Tahanang Walang Hagdanan Workshop

Last summer, I was invited by a friend of mine in the same photography organization we set up back in Manila called Litrato. He asked if we can hold a workshop with an organization called Tahanang Walang Hagdanan. I jumped on the opportunity because it would be a great time to test out a condensed version of a curriculum we have been designing for high schoolers. I went with fellow Litrato photographers, Felix Quiogue, Mike Alegado, and Christian Matic. 

Tahanang Walang Hagdanan, Inc. is a non-stock, non-profit and non-government organization that aims to uplift the lives of  Orthopedically handicapped persons. It is a rehabilitation and skills training center with sheltered workshops where the people with disabilities are trained to be productive and self-reliant member of the society. The center is located in Cainta Rizal which is about 15 kms. East Manila.

When we arrived at the location, I was amazed in how self sufficient these individuals in the organization are. In spite of their physical limitations, they had and operated their own steel and wood factories. They even started their own agricultural farm hoping to be more sustainable. They asked us to hold the workshop to improve their photography for the post cards they make at the end of the year to raise funds for the organization.

Our workshop was attended by 30 students whose ages ranged from 18-50 and had all kinds of cameras from cellphones to DSLR's. We knew this coming in, so we tailored the workshop to suit the scenario. Instead of teaching them how to use their cameras, we decided to focus on teaching them how to see instead. 

Photographed by Mike Alegado

Photographed by Mike Alegado

We started the workshop with the history of Filipino photography in the hopes of basing their own practice in a timeline, which I personally feel is lacking in most workshops. We then began to cover basic composition guidelines such as rule of thirds, leading lines, point of view, framing, pattern, and lighting. After each topic, we spent about 20-30 minutes of free shooting time in where the students will go around and try the topic out. We would then guide and talk to them to help them gain a better understand of the topic at hand. After that, we would show them our own work utilizing said topic.

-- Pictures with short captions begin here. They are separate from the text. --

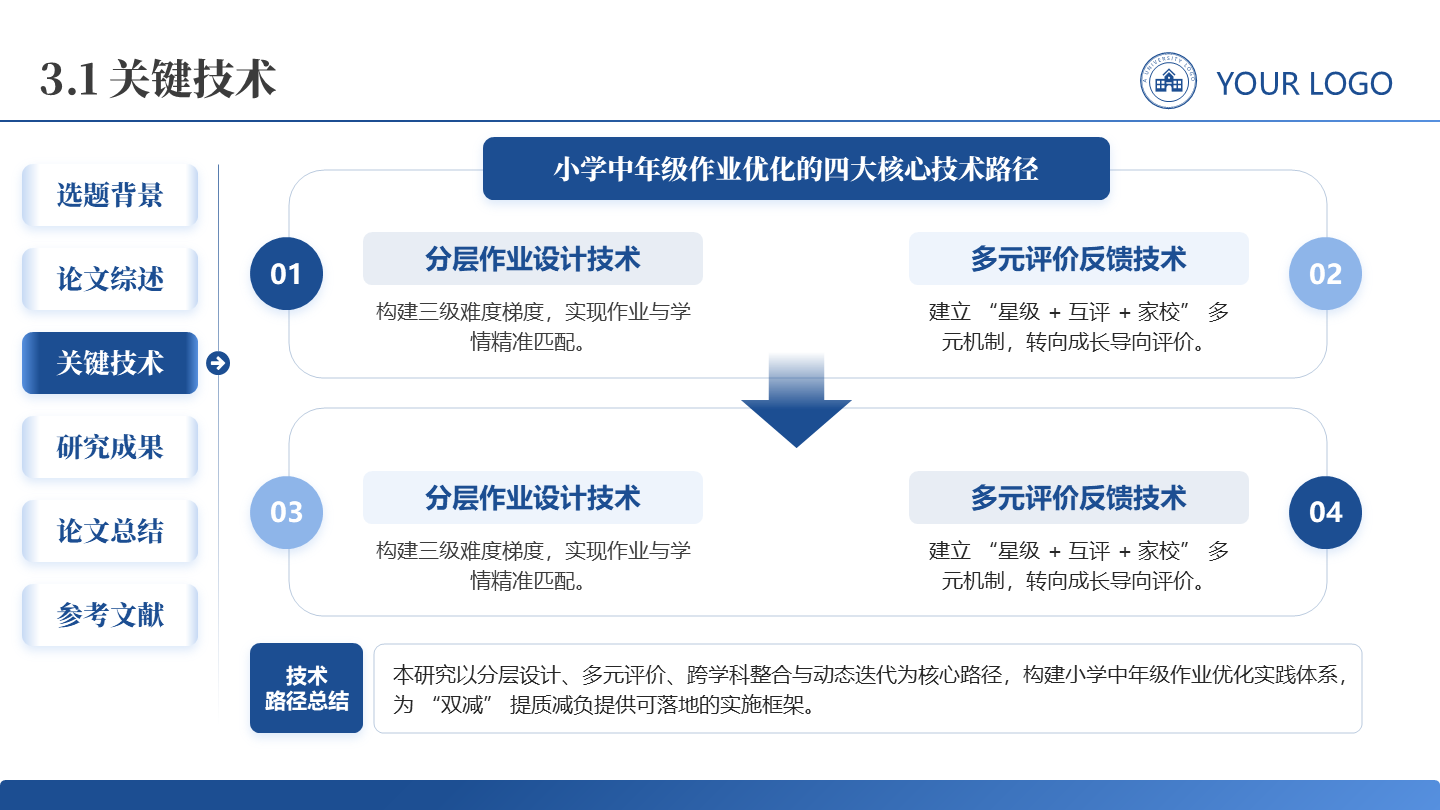 关键技术-学术风通用论文答辩开题报告汇报PPT单页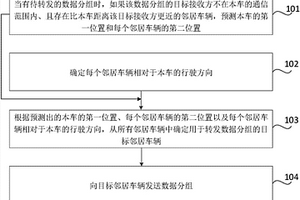 用于車輛的數(shù)據(jù)傳輸方法、裝置、可讀存儲介質(zhì)及車輛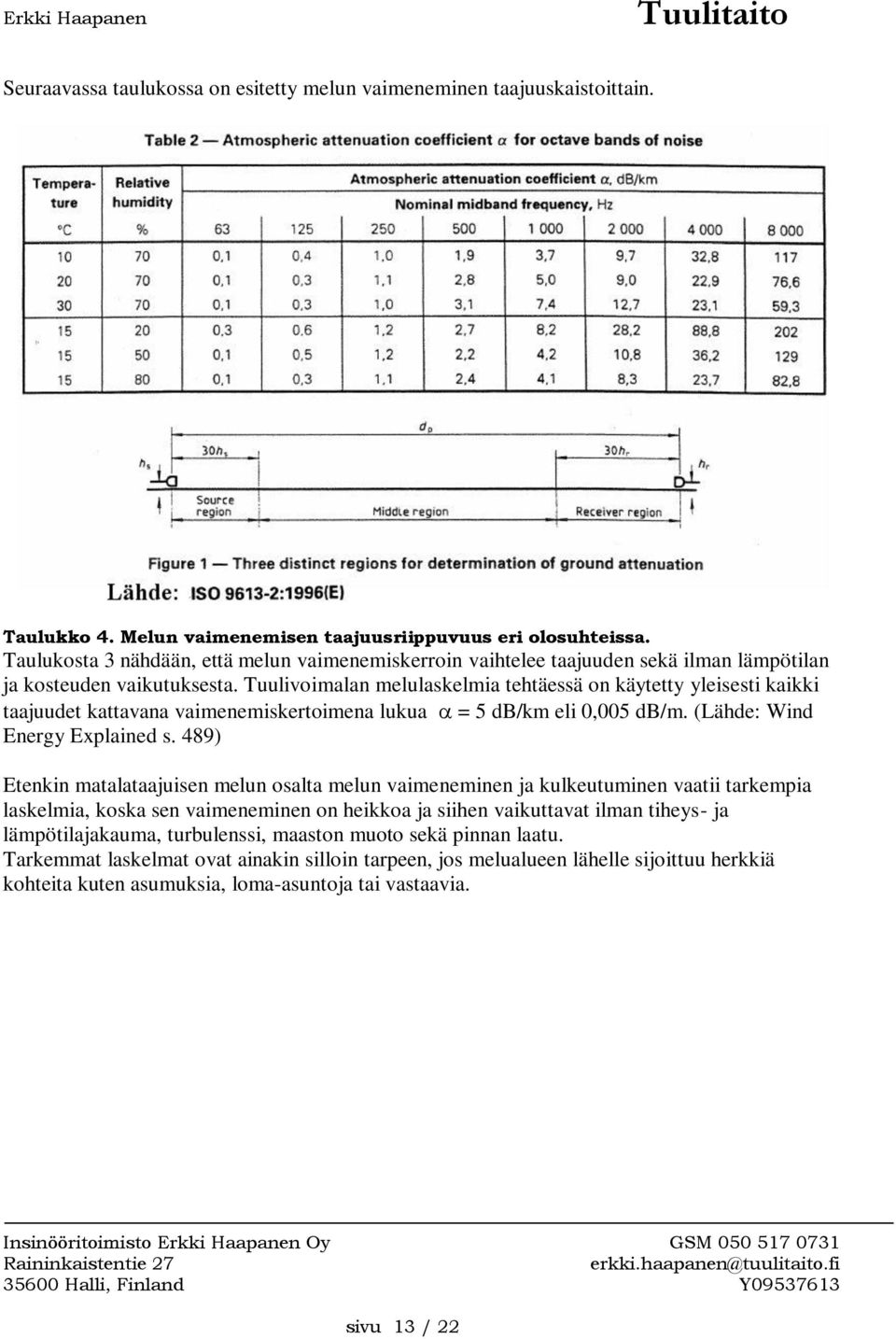 Tuulivoimalan melulaskelmia tehtäessä on käytetty yleisesti kaikki taajuudet kattavana vaimenemiskertoimena lukua = 5 db/km eli 0,005 db/m. (Lähde: Wind Energy Explained s.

Overall, the workshop was a big success based on how much their photographs improved from start to finish. I never thought I could be a teacher but when it came to sharing photography, it came naturally. There's nothing more rewarding for me than to be able to empower others to take up the craft. As I saw the photographs of my students, I learned so much about them and got a glimpse of their lives. If you learn how to read a photograph, you learn how to read into the lives of the ones who took it.